Penggunaan konflik akan lebih sering ditemui dalam buku ini dibanding sengketa, karena pengusaha lebih sering juga menghadapi konflik laten yang belum jelas melibatkan pihak mana saja dan menggunakan jalur forum non judisial. Buku setebal 93 halaman di luar jilid dan kata sambutan ini, secara praktis mengungkap konflik lahan dari mulai pengertiannya secara definitif, sampai bentuk penyelesaian dari konflik itu sendiri.

KADIN sebagai lembaga yang berkepentingan dalam penyelesaian masalah konflik, kian menyadari arti pentingnya penanganan konflik secara holistik. Lembaga yang dipimpin oleh Rosan P. Roeslani ini membentuk badan khusus Lembaga Mediasi Bisnis (LEMBIS) yang berperan untuk membantu para anggota KADIN manakala berhadapan dengan konflik, terutama konflik yang berkaitan dengan penyelesaian melalui mediasi (hal. 5).

Gaya berkonflik pihak yang terlibat pun dapat dikategorikan menjadi lima jenis, yaitu: 1. Menghindar (Avoiding), 2. Mengakomodasi (Accommodating), 3. Berkompromi (Compromising), 4. Bersaing (Competing), dan 5. Bekerjasama (Collaborating) (hal. 13). Selain gaya berkonflik, dibahas pula tentang perspektif konflik mulai dari pandangan pengusaha, masyarakat sipil, dan pemerintah dengan bahasa ringan yang mudah dipahami.

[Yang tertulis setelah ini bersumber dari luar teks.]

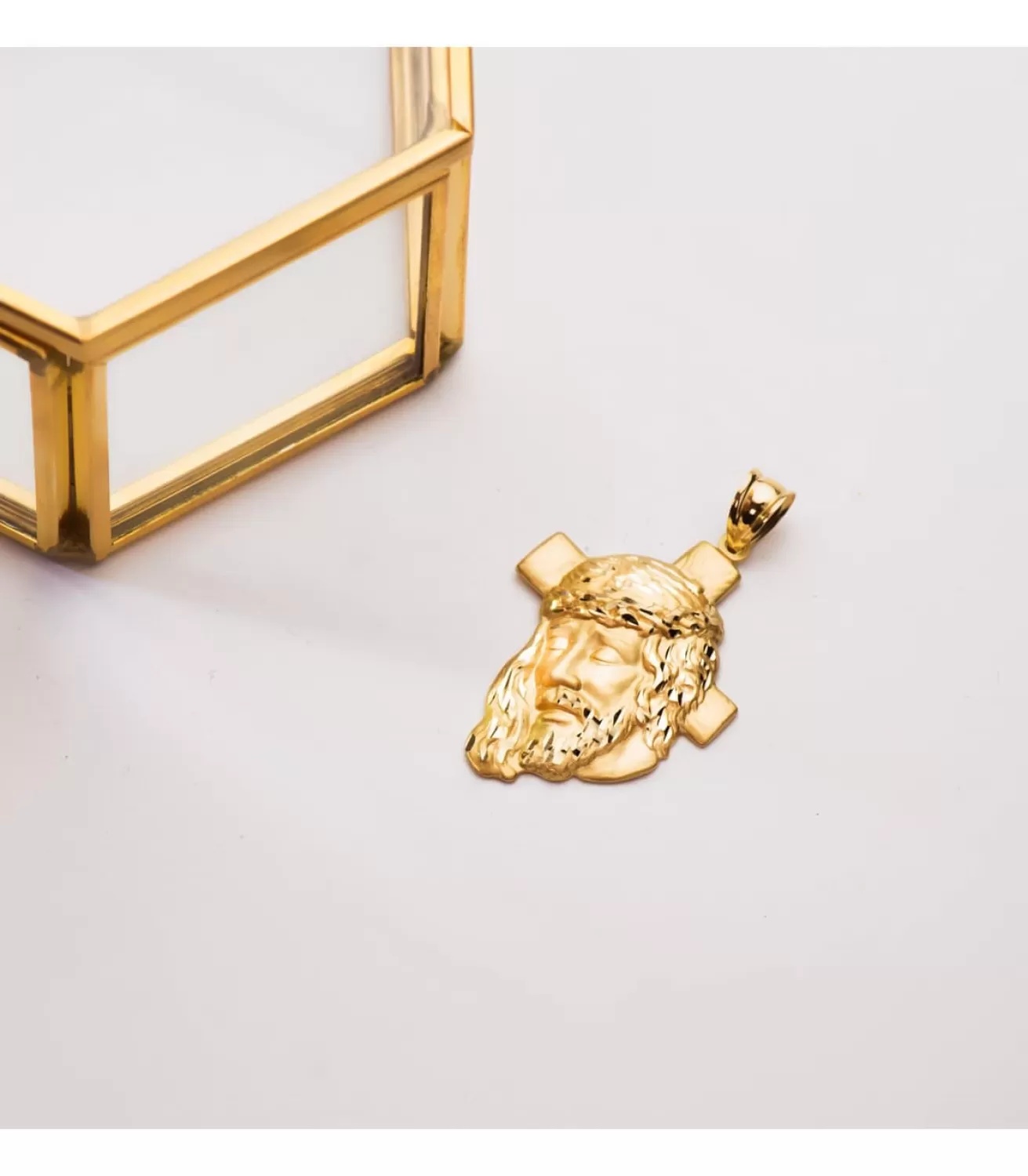 Colgante Rostro Cristo Cruz Oro 18K 35Mm<Alda Joyeros Hot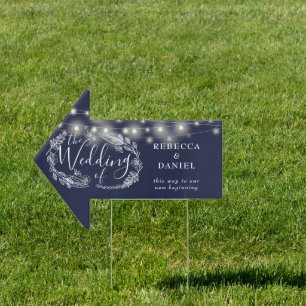 Navy Blue String Lights Wedding This Way Sign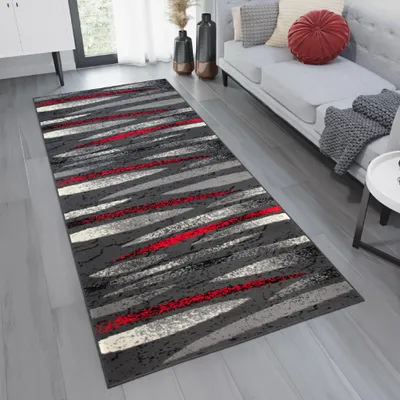 Image de Tapiso Chemin de tapis DREAM Crème Gris Rouge Chambre à coucher ÖKO-TEX 100 x 200 cm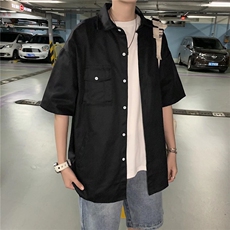 日系五分袖春夏季新款衬衫潮流慵懒男方领宽松型衬衫AC121P23，男装衬衫，星座1116-2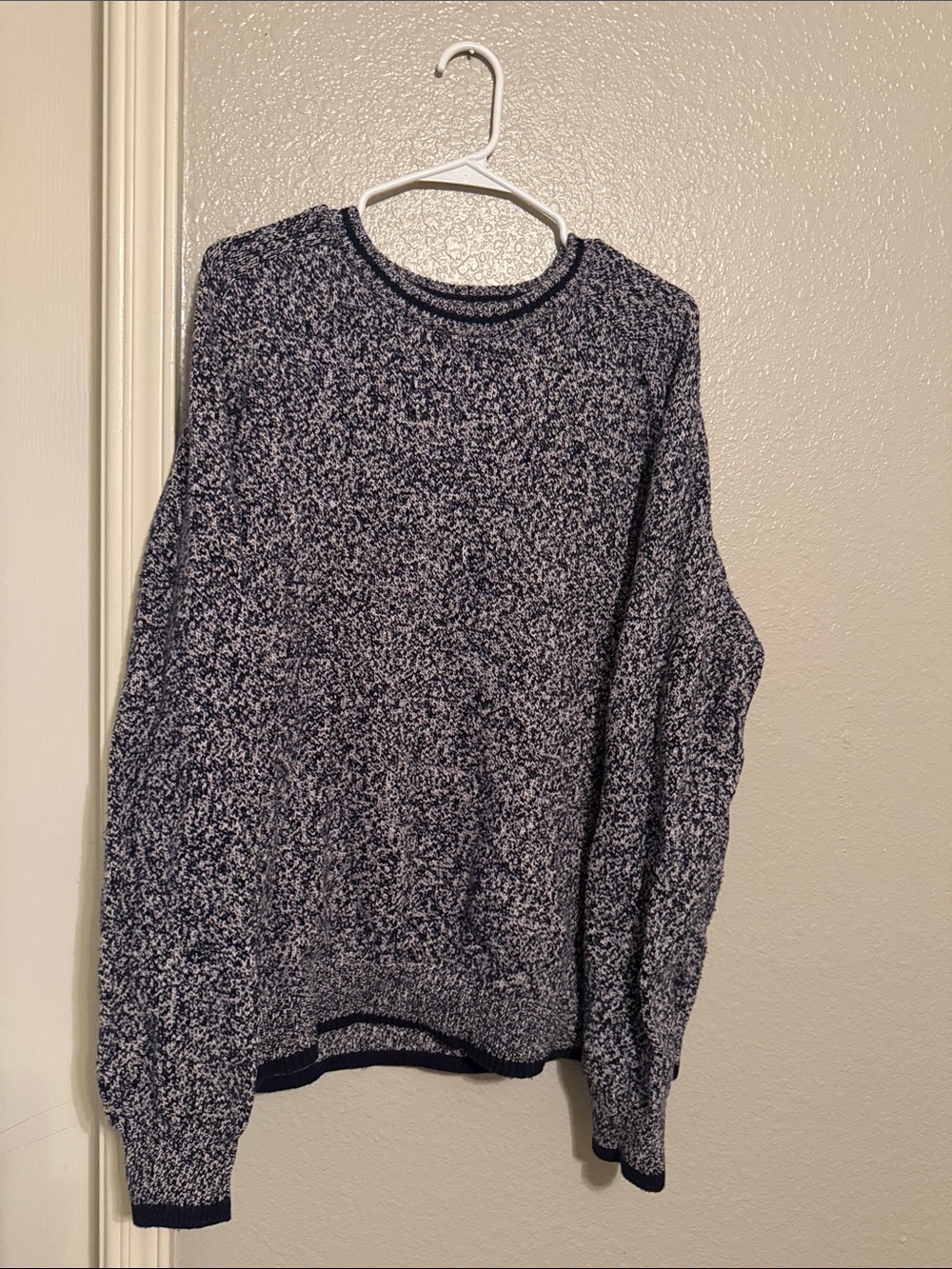 Goodfellow & Co Navy and White Marled Crewneck Sweater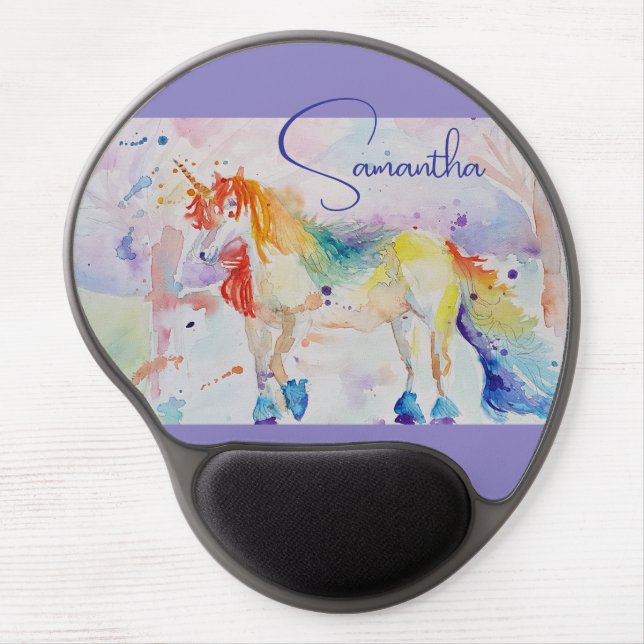 Unicorn Girls Customizable Name USB Stick Gel Mouse Pad (Front)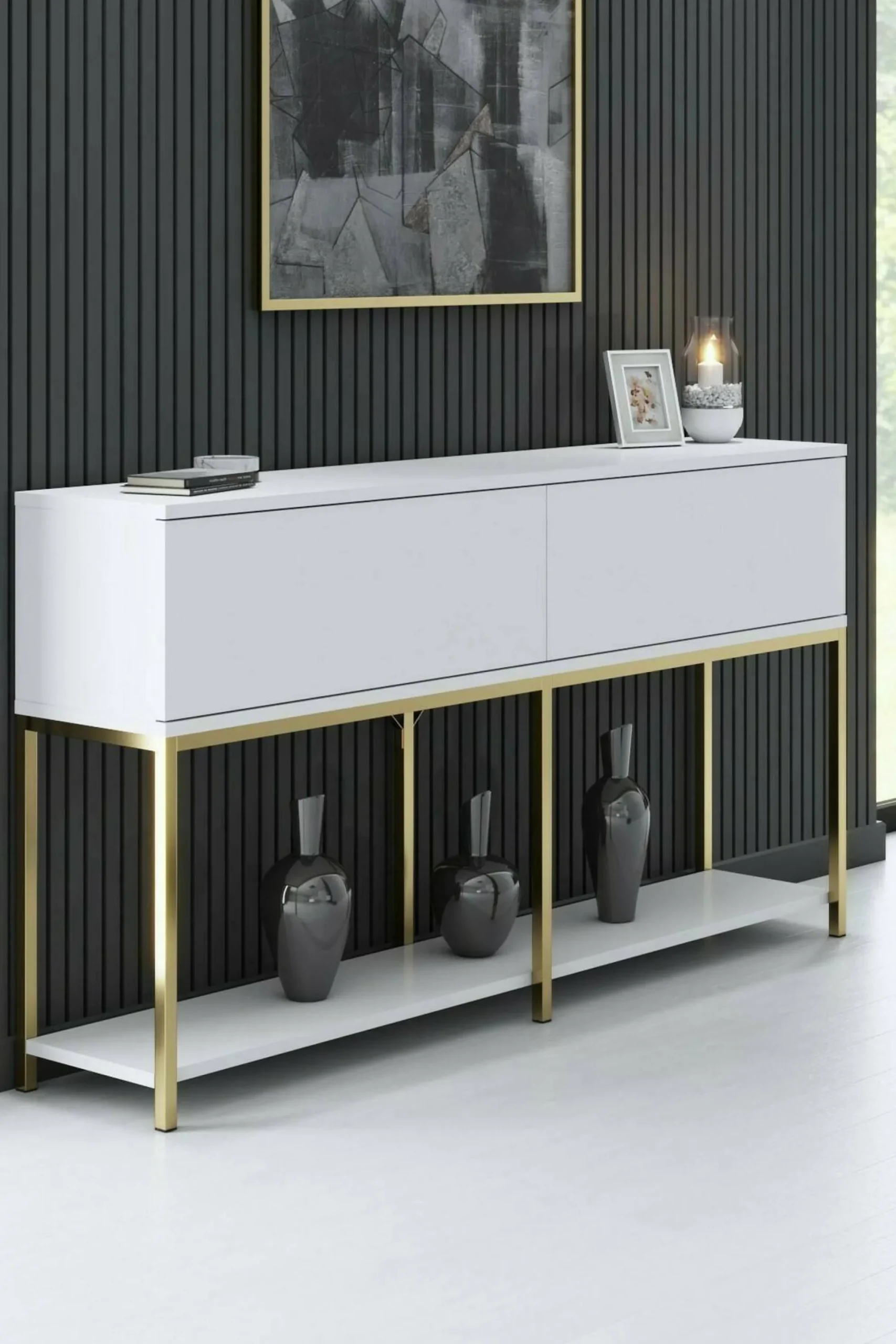 Credenza Basilia, 150x30h80 cm, Bianco e Oro<Dmora Hot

Masukan dari pengusaha terkait perspektif konflik secara lugas turut dipaparkan. Menariknya, disampaikan pula faktor-faktor yang dapat membantu peyelesaian konflik disertai ide-ide solutif agar konflik tidak terus terjadi (hal. 18 – 20). Pemerintah dalam hal ini sudah menerbitkan beberapa peraturan terkait dengan konflik dan sengketa. Peraturan ini diantaranya: Undang-Undang Nomor 30 Tahun 1999 tentang Arbitrase dan Alternatif Penyelesaian Sengketa, Undang-Undang Nomor 7 Tahun 2012 tentang Penanganan Konflik Sosial, serta Peraturan Makamah Agung Nomor 1 Tahun 2016 tentang Prosedur Mediasi di Pengadilan.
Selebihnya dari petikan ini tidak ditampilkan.